She'd spent the past year licking her wounds, vacillating wildly between fixating on the coven that had cast her out — wondering about the sisters who'd turned their backs on her, what they were doing, if a single one of them even noticed her absence — and resolutely putting them out of mind, focusing on growing her own business, putting to use all of the skills she had painstakingly honed over the years, concentrating on her own home and hearth and the love within it. She'd not allowed herself to dwell on the nameless emotion she felt about the particulars of her expulsion from the coven. She did not let her thoughts linger over Holt's role in the whole ugly farce, not wanting to think about him at all.

She had kept this from Anzan, the night she'd told him about Holt and his history with her aunt. She wasn't sure why. It hadn't seemed important to her narrative, maybe, or perhaps she simply didn't want to think about how close to home her downfall had been. To associate thoughts of the familiar with the agony of last year was to taint memories of happier times, and perhaps her heart simply had not been strong enough to reconcile the two realities.

"I know all about your shop, and all about your black-market business," she went on doggedly. "How do you sleep at night, Holt? How do you live with yourself knowing what they did?"

He shrugged with such an air of unconcern that she was tempted to heave the bowl of lemons on the table at his head.

"I am a procurer by trade," he sniffed. "I always have been. If a witch has a need, I can procure the solution. That's it. I don't have a hand in how it is used, Elizabeth."

Ladybug scoffed, shaking her head in aggravated disbelief. Of course he would have an answer for that as well. He'd always had an answer for everything.

The flying ointment had been made since the dark ages, although the particular recipe she had refused had been outlawed for centuries at that point. The High Crone hadn't cared. Render the fat until liquid. She had no desire to have a baby, but that did not mean she would seek to do one harm. It is intent that guides magic, Ladybug. A witch's intent is more important than the strength of her spell.

"Do you even know what happened to me?" she asked, wondering if he hadn't bothered checking up on anything at all. He probably stopped caring the minute he was paid. "Do you know what happened when I said no? What they did to me?"
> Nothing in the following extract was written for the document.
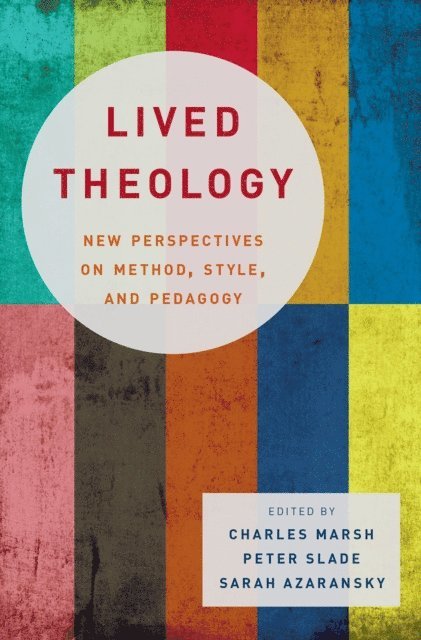 Sarah Azaransky, Peter Slade, Charles Marsh - Lived Theology, E-bok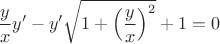 $$\frac{y}{x}y'  - y'\sqrt{1+\left(\frac{y}{x}\right)^2} + 1=0$$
On the other side of the table, Holt had gone very still. Behind her, Anzan remained silent, as always. The only sound in the kitchen was her own labored breath, and the thunderous pulse of blood in her ears. By contrast, Ladybug could scarcely tell if Holt was breathing, an infinitesimal nod of his head his only movement.

"I do."

Anzan had repositioned himself at the end of her work counter, back legs still angled in a way that would push him forward in a blur. She knew she needed to let him know that there was no need for physicality, to stand down and stay behind her, but Holt's quietly uttered words made her eyes fill with tears again.

Betrayal.

Thatwas the name of the fathomless emotion that had been festering within her since she had been cast from the circle of sisters. Hurt, humiliation, no small amount of relief. She had swallowed them all down, but that feeling of betrayal was stuck like a thorn, piercing her from within.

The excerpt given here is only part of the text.